**What you need to do:**
Set every line of the data down again exactly, and keep the pictures out.

**The data:**

::::::::::

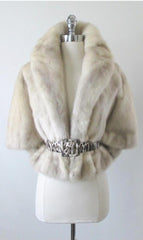 • Vintage 50's Tourmaline Gray Cream Mink Shrug Jacket Wrap - Bombshell Bettys Vintage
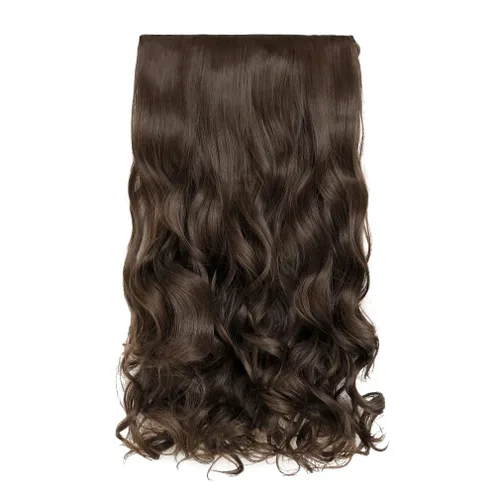 Vista 45 de REECHO Extensiones de cabello rubio, extensiones de una pieza con clip de 20" para mujer, extensiones de cabello sintético suave y natural con ondas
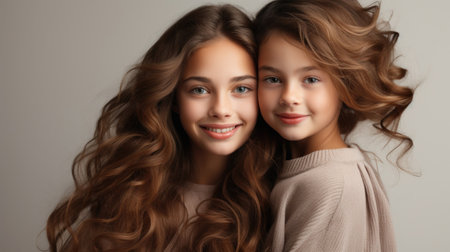 portrait of two sisters with long hair cuddlingの素材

::::::::::

**Response:**
 • Vintage 50's Tourmaline Gray Cream Mink Shrug Jacket Wrap - Bombshell Bettys Vintage
 Vista 45 de REECHO Extensiones de cabello rubio, extensiones de una pieza con clip de 20" para mujer, extensiones de cabello sintético suave y natural con ondas
 portrait of two sisters with long hair cuddlingの素材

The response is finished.